● **To do**
Print the whole listing below exactly as given, pictures excluded.

● **Data for analysis**
== Segment start ==
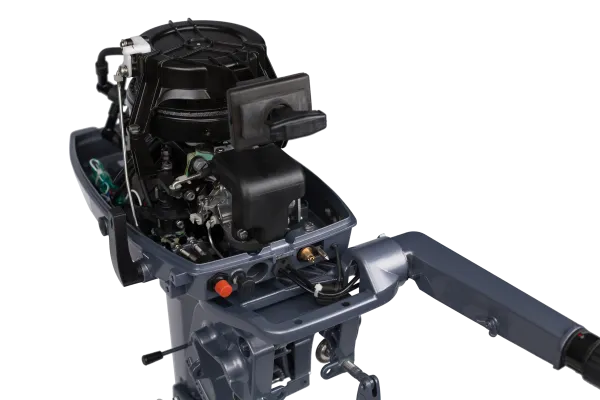 Лодочный мотор OMOLON (Омолон) MP 9.8 AMHS | Мототека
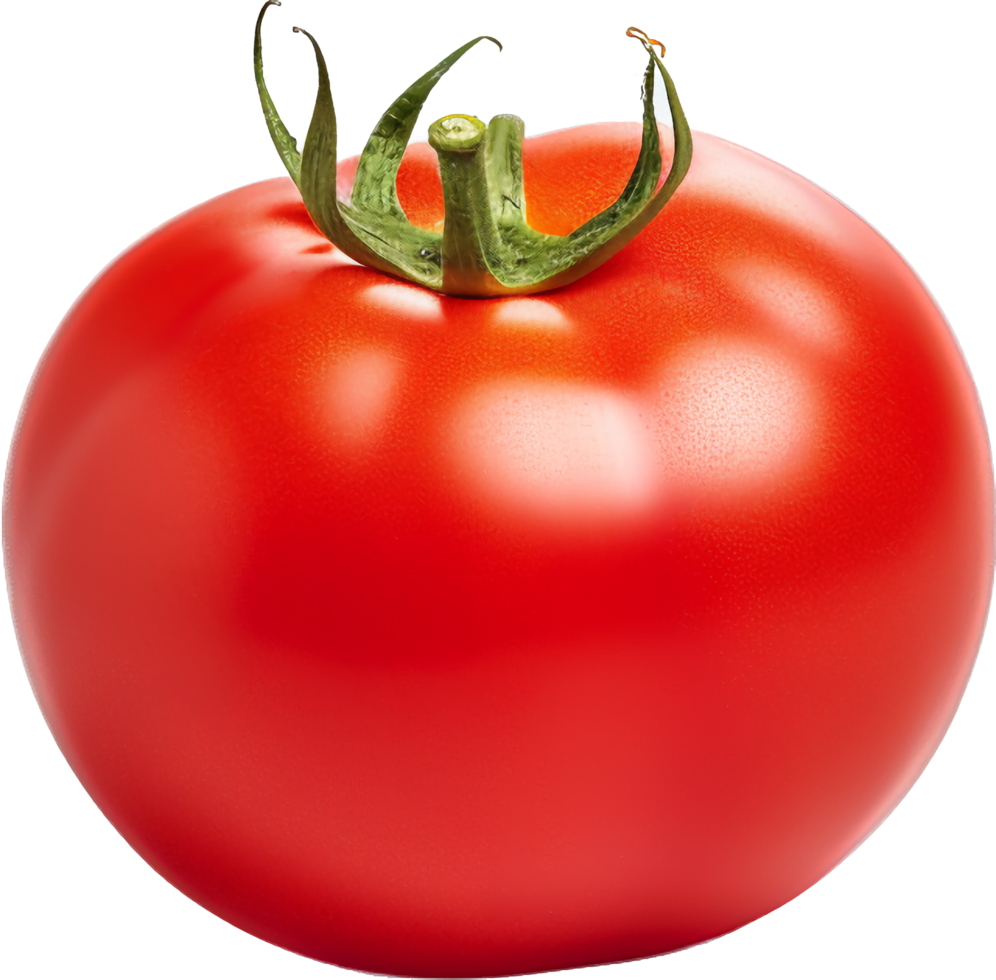 tomate png con ai generado.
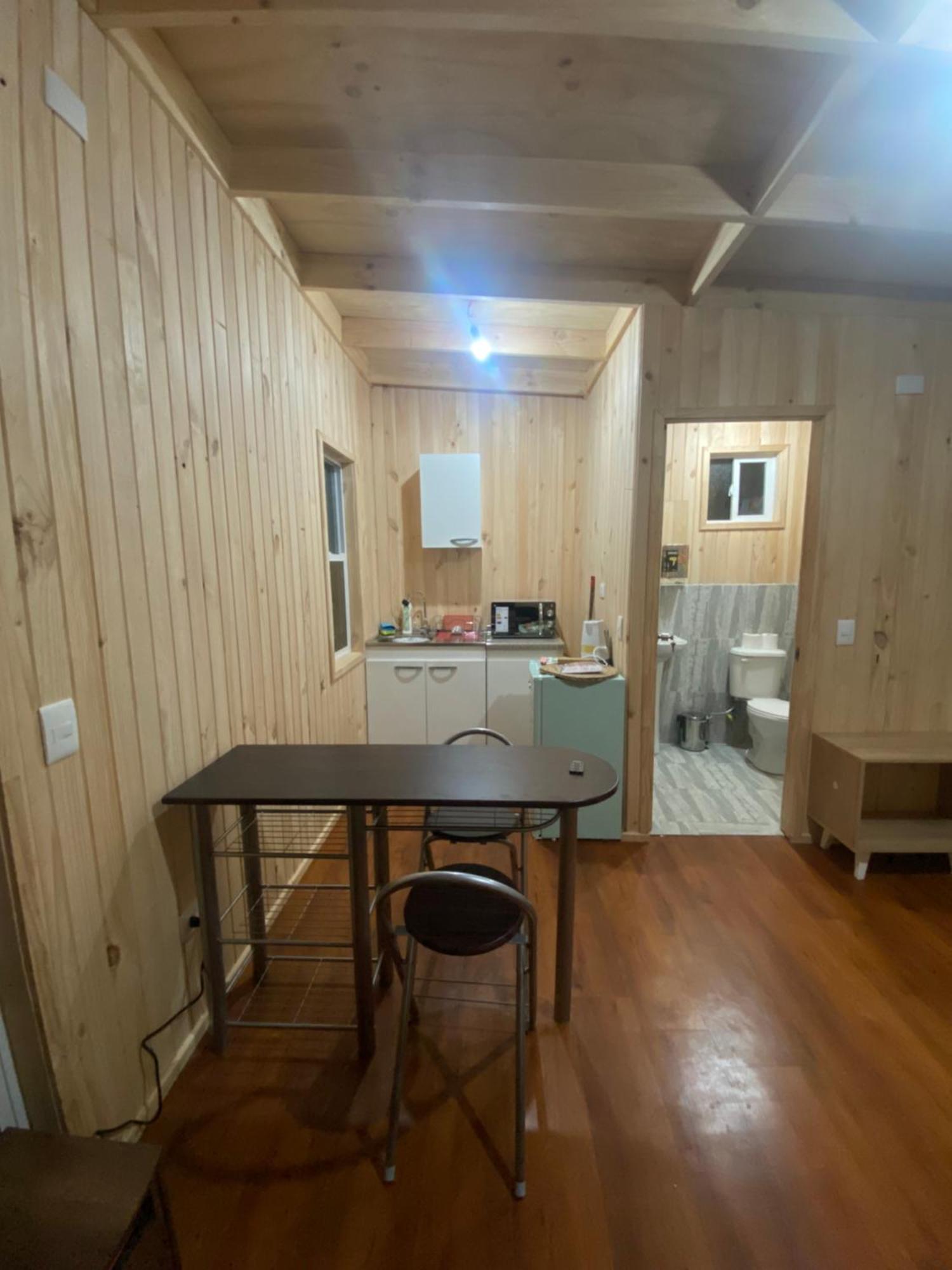 Bordemundo B&B Y Cabanas Puerto Varas Bagian luar foto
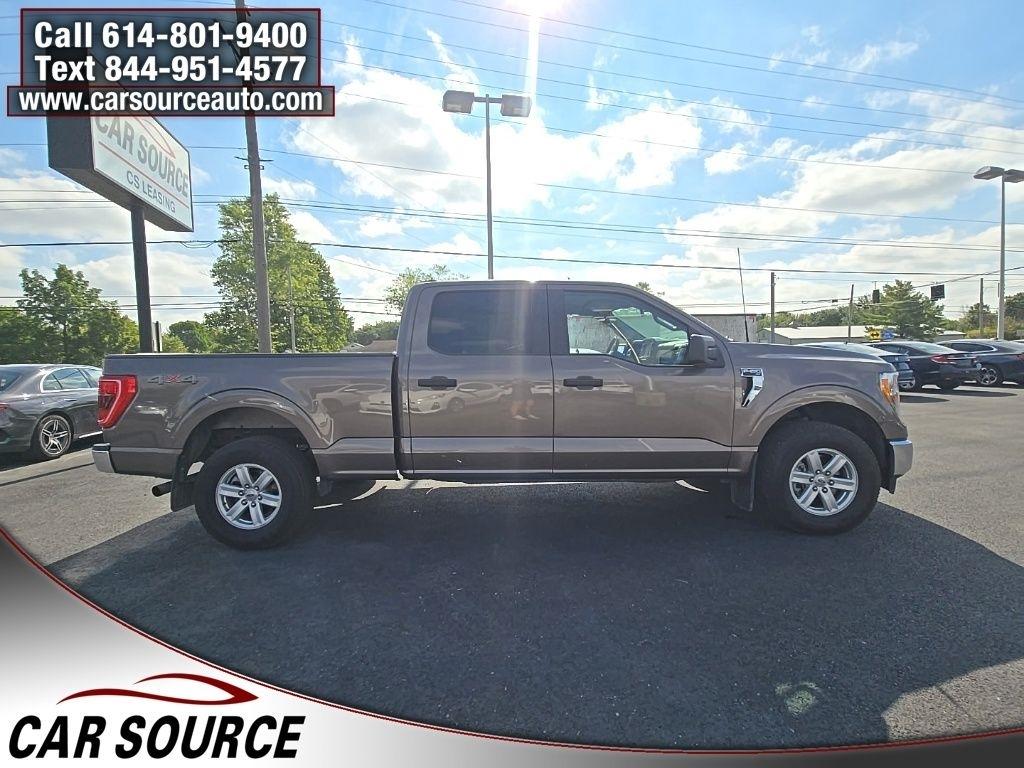 Ford F-150  2022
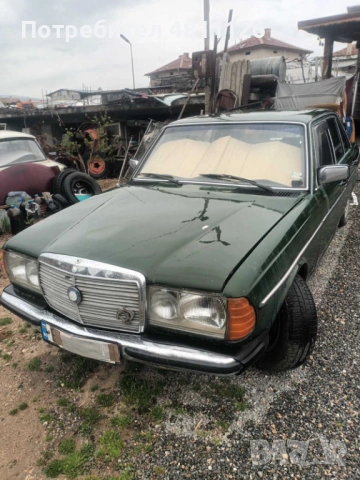 Мерцедес, снимка 6 - Автомобили и джипове - 54346837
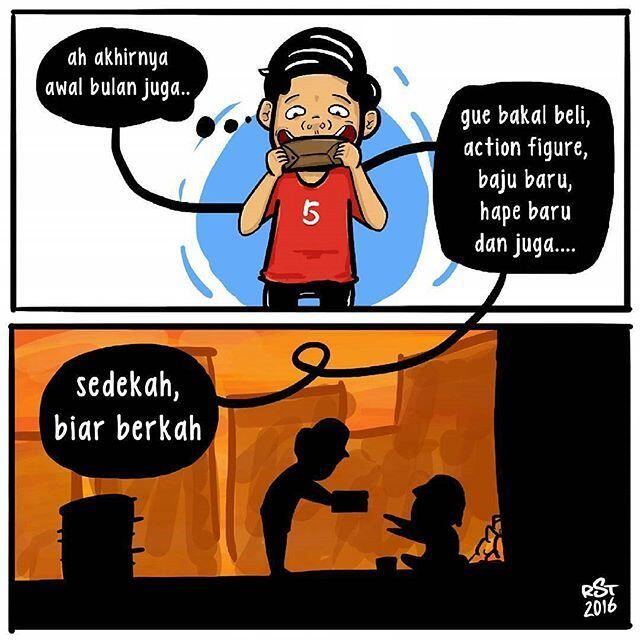 Kebiasaan-kebiasaan UNIK dari ORANG INDONESIA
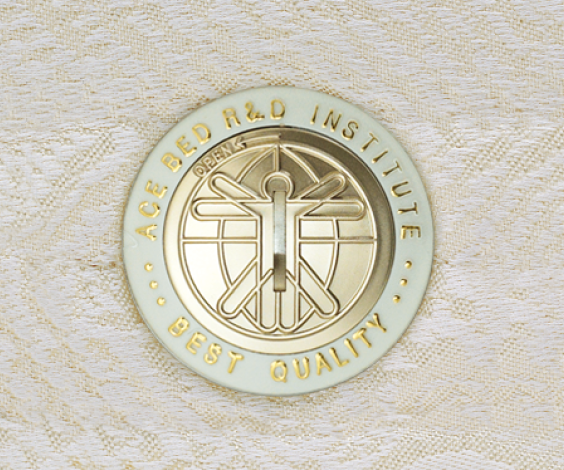 에이스침대의 마이크로가드 에코 사진. [에이스침대 제공]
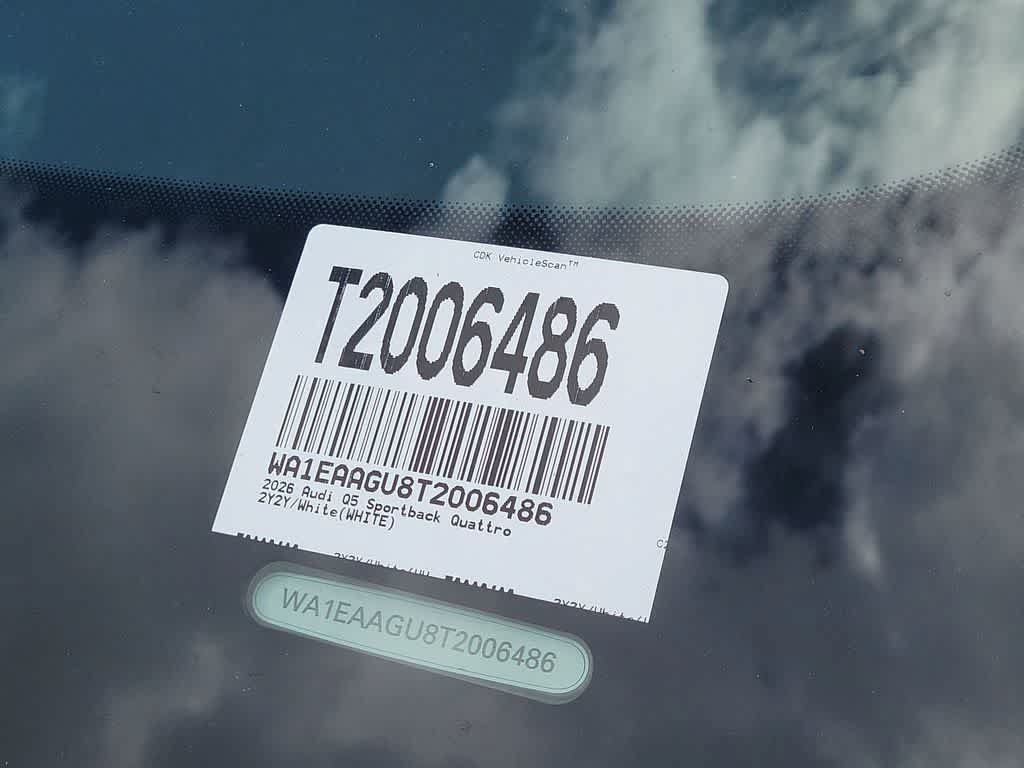 New 2026 Audi Q5 Premium Plus AWD/4WD image 29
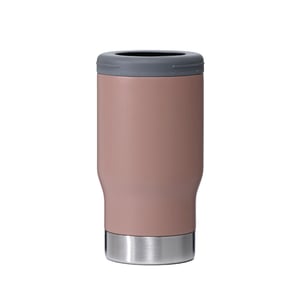 Copo Térmico 4 em 1 Inox 380ml com Abridor Embutido - Multiuso — 04014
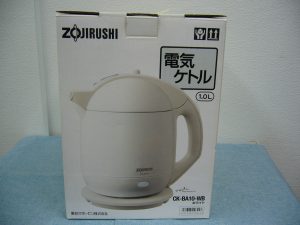 象印マホービンのお買取りなら天神橋筋商店街の大吉へ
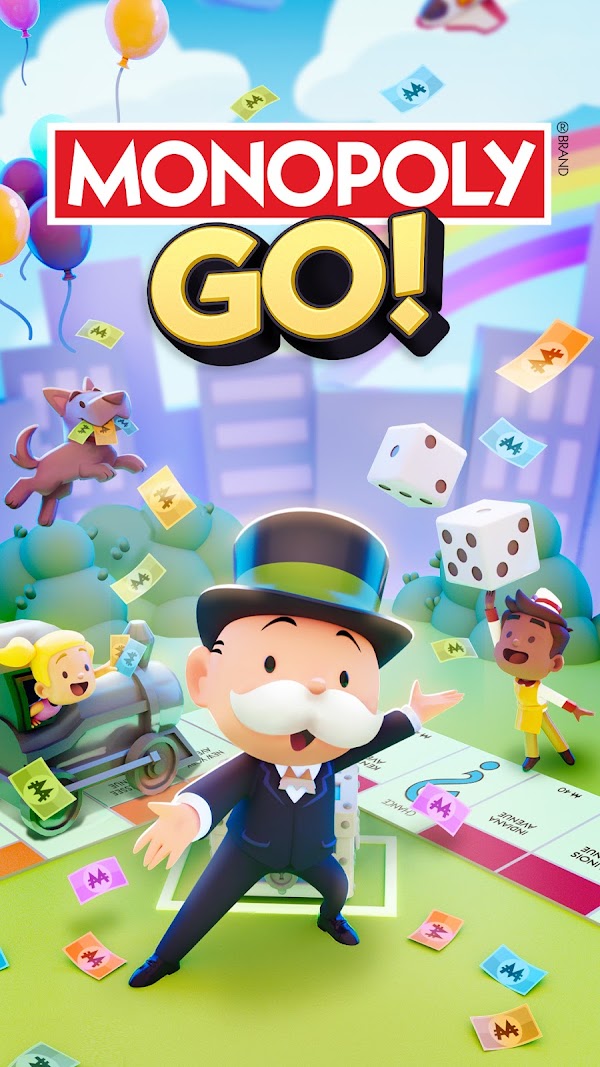 MONOPOLY GO! Capturas de tela 1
== Segment end ==
● **Written answer**
 Лодочный мотор OMOLON (Омолон) MP 9.8 AMHS | Мототека
 tomate png con ai generado.
 Bordemundo B&B Y Cabanas Puerto Varas Bagian luar foto
 Ford F-150  2022
 Мерцедес, снимка 6 - Автомобили и джипове - 54346837
 Kebiasaan-kebiasaan UNIK dari ORANG INDONESIA
 에이스침대의 마이크로가드 에코 사진. [에이스침대 제공]
 New 2026 Audi Q5 Premium Plus AWD/4WD image 29
 Copo Térmico 4 em 1 Inox 380ml com Abridor Embutido - Multiuso — 04014
 象印マホービンのお買取りなら天神橋筋商店街の大吉へ
 MONOPOLY GO! Capturas de tela 1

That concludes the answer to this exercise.